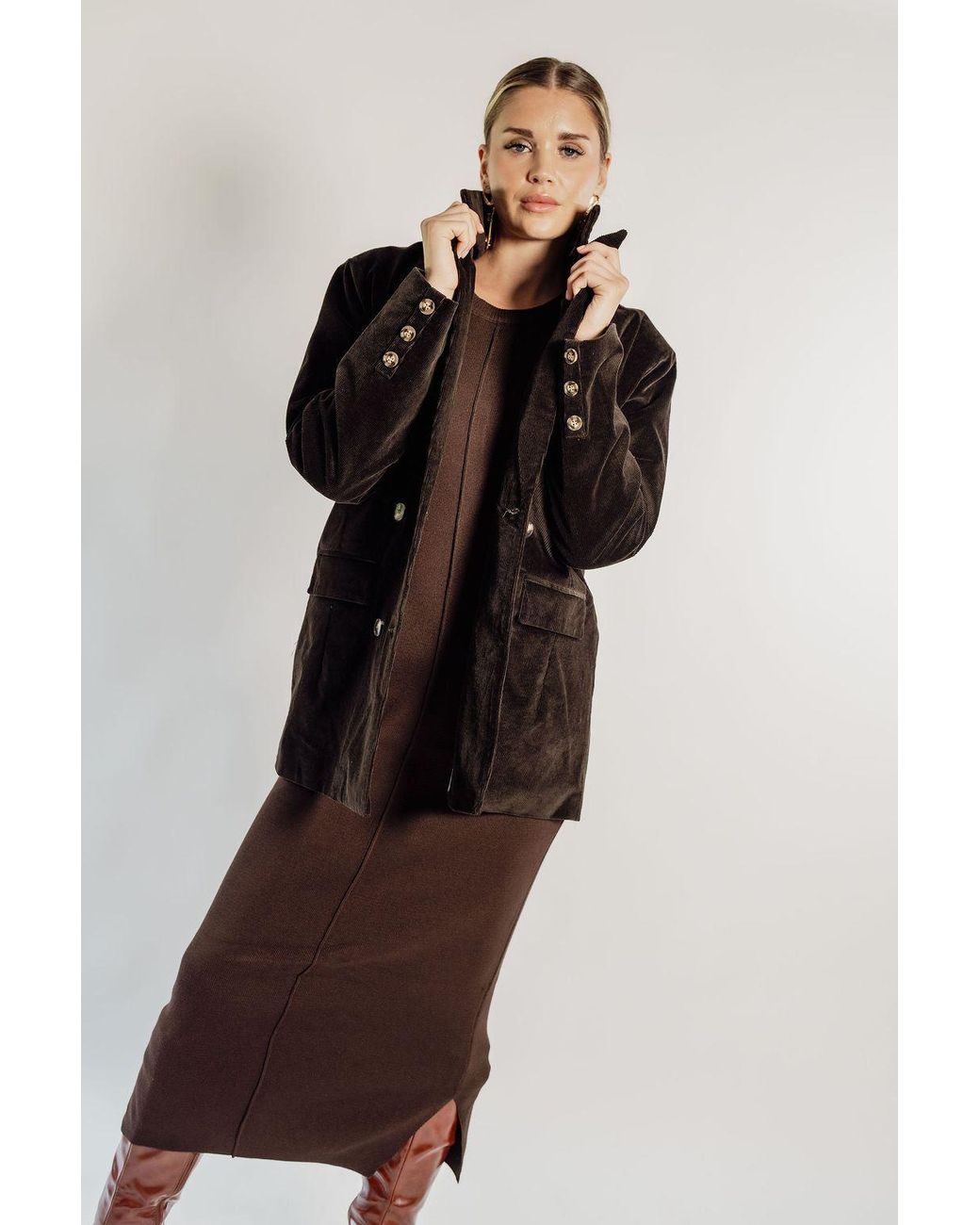 Rave on Trend Black Corduroy Blazer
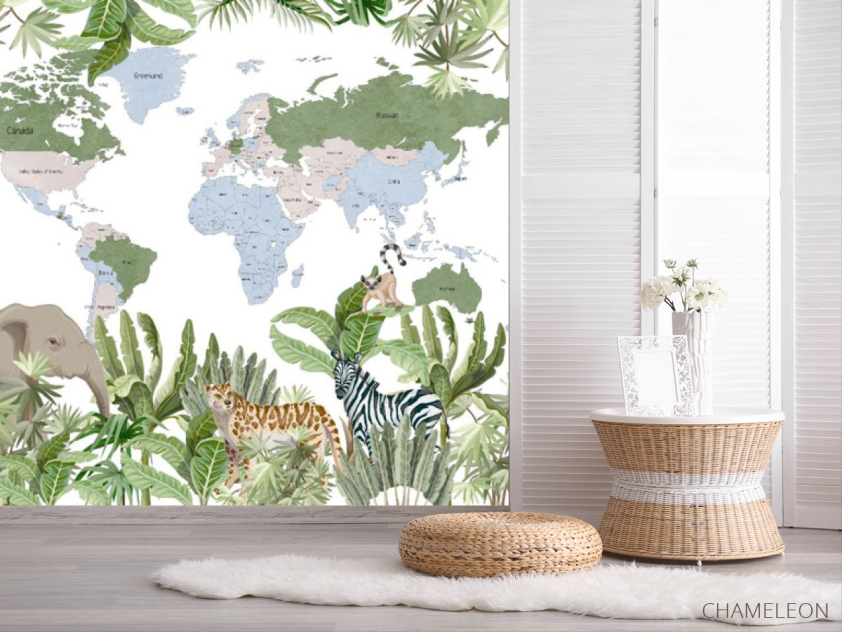 Фотошпалери карта дитяча з тропічним лісом і тваринами англійською - 2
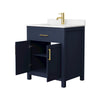 Custom image for Dark Blue with Brushed Gold Trim / Carrara Cultured Marble / No Mirror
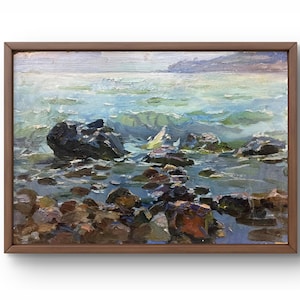 Pintura a óleo paisagem original, pintura a óleo sobre papelão, paisagem marinha, costa rochosa, ondas quebrando nas rochas, arte feita à mão, sem moldura, arte de parede
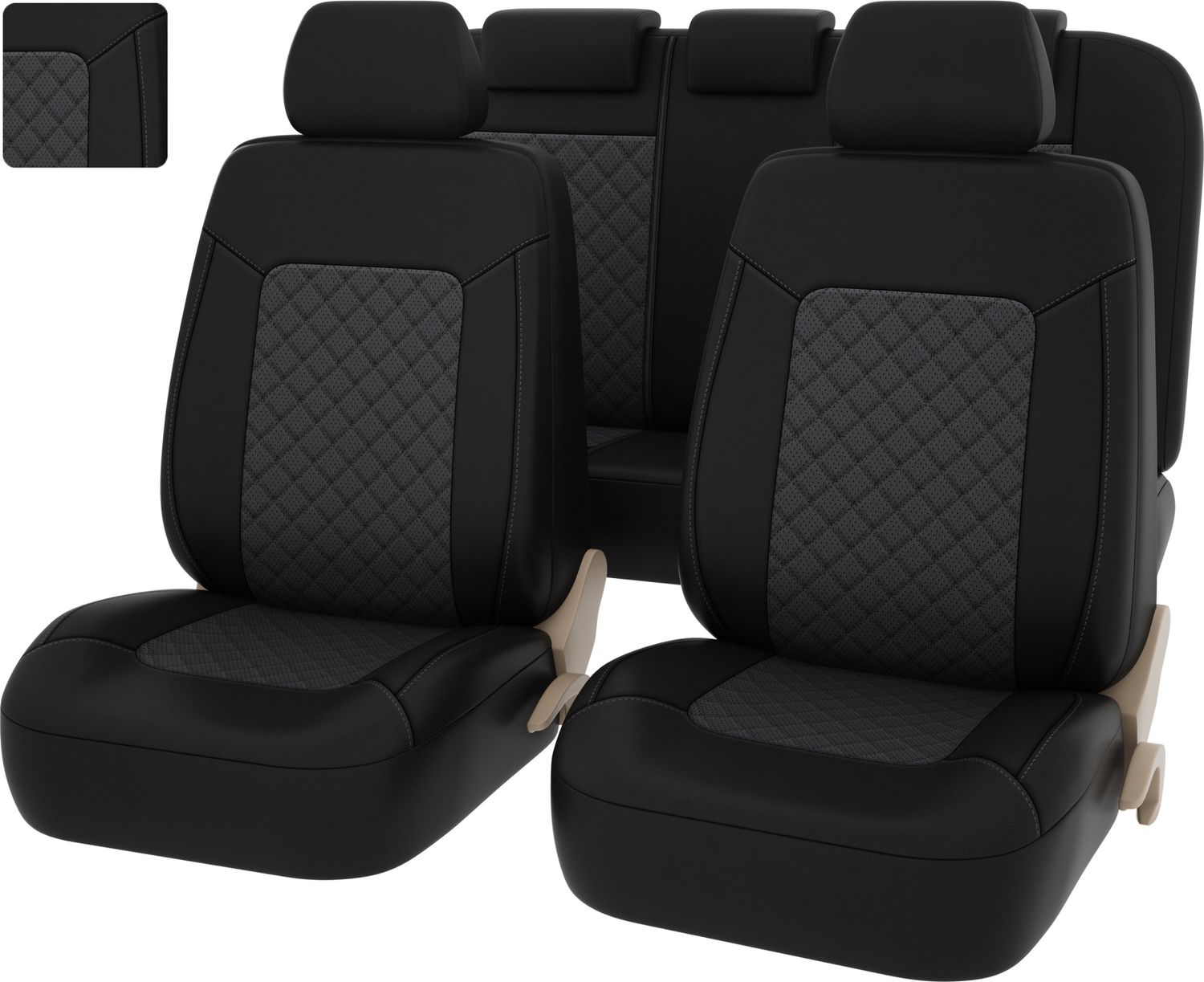 Чехлы универсальные PSV Elegant Next на сидения, цвет Ромб Черный/Серый. Артикул 129200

----------------

# [To do]
When you set down the records above, copy every line exactly and exclude the pictures.

# [Solution to this task]
 Rave on Trend Black Corduroy Blazer
 Фотошпалери карта дитяча з тропічним лісом і тваринами англійською - 2
 Custom image for Dark Blue with Brushed Gold Trim / Carrara Cultured Marble / No Mirror
 Pintura a óleo paisagem original, pintura a óleo sobre papelão, paisagem marinha, costa rochosa, ondas quebrando nas rochas, arte feita à mão, sem moldura, arte de parede
 Чехлы универсальные PSV Elegant Next на сидения, цвет Ромб Черный/Серый. Артикул 129200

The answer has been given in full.